■ Assigned task ■
Set down a word-for-word copy of the data below, limited to the lines from the first through the line with "Now it's time".

■ Supplied records ■
....................

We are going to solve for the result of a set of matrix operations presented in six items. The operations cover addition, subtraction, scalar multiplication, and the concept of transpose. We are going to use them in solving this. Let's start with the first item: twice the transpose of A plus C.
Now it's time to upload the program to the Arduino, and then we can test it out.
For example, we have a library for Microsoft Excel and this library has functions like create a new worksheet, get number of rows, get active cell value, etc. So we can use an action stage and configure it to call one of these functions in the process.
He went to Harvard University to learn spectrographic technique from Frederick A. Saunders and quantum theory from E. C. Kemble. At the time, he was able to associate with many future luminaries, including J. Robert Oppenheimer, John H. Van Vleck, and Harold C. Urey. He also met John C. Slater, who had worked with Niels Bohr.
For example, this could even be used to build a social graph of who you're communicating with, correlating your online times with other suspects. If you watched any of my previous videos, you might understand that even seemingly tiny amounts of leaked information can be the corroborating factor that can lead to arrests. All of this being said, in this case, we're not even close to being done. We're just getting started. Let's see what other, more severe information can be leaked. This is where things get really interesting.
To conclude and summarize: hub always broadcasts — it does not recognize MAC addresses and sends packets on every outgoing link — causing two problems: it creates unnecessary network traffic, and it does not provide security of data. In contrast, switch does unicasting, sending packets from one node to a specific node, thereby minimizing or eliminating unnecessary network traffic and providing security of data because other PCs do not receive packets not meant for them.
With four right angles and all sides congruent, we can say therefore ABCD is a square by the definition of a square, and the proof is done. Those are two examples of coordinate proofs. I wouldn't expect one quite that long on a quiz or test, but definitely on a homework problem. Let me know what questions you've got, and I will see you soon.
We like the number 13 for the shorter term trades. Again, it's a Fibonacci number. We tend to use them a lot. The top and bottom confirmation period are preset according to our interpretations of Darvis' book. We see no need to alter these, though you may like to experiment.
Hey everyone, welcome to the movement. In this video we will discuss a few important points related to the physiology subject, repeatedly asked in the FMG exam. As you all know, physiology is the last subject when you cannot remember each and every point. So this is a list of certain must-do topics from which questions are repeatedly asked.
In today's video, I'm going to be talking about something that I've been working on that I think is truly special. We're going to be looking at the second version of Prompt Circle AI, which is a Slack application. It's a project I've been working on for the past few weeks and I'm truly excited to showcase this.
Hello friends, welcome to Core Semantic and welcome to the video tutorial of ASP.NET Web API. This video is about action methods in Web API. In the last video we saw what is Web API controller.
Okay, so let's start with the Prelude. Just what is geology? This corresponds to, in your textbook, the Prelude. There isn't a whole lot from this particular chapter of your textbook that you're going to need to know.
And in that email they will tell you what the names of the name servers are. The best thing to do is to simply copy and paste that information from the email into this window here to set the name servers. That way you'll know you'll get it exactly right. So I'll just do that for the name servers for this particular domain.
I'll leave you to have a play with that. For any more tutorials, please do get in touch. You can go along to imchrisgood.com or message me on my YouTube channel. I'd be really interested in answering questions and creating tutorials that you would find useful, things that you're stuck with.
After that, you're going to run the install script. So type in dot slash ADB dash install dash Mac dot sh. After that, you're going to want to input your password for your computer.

....................

■ Solved problem ■
We are going to solve for the result of a set of matrix operations presented in six items. The operations cover addition, subtraction, scalar multiplication, and the concept of transpose. We are going to use them in solving this. Let's start with the first item: twice the transpose of A plus C.
Now it's time to upload the program to the Arduino, and then we can test it out.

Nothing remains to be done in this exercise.